Task: Copy exactly the lines of the material below, starting with the first and including the line that holds "Für 4 Personen: Hübsches".
======== Task input
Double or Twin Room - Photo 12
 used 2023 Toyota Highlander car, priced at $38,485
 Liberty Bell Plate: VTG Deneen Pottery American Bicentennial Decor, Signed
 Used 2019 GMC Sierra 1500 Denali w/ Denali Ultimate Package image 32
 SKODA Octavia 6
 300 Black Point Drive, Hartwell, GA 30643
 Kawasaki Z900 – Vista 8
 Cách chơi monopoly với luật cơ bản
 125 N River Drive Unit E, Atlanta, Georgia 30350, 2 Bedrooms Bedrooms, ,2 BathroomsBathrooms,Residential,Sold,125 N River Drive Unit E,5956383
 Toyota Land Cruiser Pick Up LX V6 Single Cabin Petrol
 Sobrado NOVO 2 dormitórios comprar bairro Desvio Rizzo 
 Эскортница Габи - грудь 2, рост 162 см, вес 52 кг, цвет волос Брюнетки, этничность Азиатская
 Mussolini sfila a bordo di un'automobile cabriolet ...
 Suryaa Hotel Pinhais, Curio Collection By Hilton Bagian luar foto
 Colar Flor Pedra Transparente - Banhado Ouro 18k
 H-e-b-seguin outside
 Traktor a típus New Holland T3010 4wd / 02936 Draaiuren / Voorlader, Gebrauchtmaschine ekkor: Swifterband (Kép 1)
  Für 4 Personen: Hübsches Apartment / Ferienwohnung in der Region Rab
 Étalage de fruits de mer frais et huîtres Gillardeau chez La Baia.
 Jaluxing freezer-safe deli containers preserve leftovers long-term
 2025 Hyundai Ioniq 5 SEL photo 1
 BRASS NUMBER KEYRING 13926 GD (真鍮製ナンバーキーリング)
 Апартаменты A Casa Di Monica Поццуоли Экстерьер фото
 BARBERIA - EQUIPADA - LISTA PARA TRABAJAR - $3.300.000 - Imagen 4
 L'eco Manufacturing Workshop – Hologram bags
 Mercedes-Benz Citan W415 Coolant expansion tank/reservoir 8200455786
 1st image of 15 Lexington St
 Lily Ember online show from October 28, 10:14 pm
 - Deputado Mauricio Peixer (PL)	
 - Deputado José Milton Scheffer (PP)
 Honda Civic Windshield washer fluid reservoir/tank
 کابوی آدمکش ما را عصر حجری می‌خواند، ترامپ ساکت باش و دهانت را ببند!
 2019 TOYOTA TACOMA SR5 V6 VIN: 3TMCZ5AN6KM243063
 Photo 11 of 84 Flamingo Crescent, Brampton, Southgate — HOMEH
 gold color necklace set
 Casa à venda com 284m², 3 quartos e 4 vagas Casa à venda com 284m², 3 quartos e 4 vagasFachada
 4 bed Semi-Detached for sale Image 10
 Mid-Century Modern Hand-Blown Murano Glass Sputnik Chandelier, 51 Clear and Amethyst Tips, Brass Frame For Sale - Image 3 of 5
================
Exercise solution:
Double or Twin Room - Photo 12
 used 2023 Toyota Highlander car, priced at $38,485
 Liberty Bell Plate: VTG Deneen Pottery American Bicentennial Decor, Signed
 Used 2019 GMC Sierra 1500 Denali w/ Denali Ultimate Package image 32
 SKODA Octavia 6
 300 Black Point Drive, Hartwell, GA 30643
 Kawasaki Z900 – Vista 8
 Cách chơi monopoly với luật cơ bản
 125 N River Drive Unit E, Atlanta, Georgia 30350, 2 Bedrooms Bedrooms, ,2 BathroomsBathrooms,Residential,Sold,125 N River Drive Unit E,5956383
 Toyota Land Cruiser Pick Up LX V6 Single Cabin Petrol
 Sobrado NOVO 2 dormitórios comprar bairro Desvio Rizzo 
 Эскортница Габи - грудь 2, рост 162 см, вес 52 кг, цвет волос Брюнетки, этничность Азиатская
 Mussolini sfila a bordo di un'automobile cabriolet ...
 Suryaa Hotel Pinhais, Curio Collection By Hilton Bagian luar foto
 Colar Flor Pedra Transparente - Banhado Ouro 18k
 H-e-b-seguin outside
 Traktor a típus New Holland T3010 4wd / 02936 Draaiuren / Voorlader, Gebrauchtmaschine ekkor: Swifterband (Kép 1)
  Für 4 Personen: Hübsches Apartment / Ferienwohnung in der Region Rab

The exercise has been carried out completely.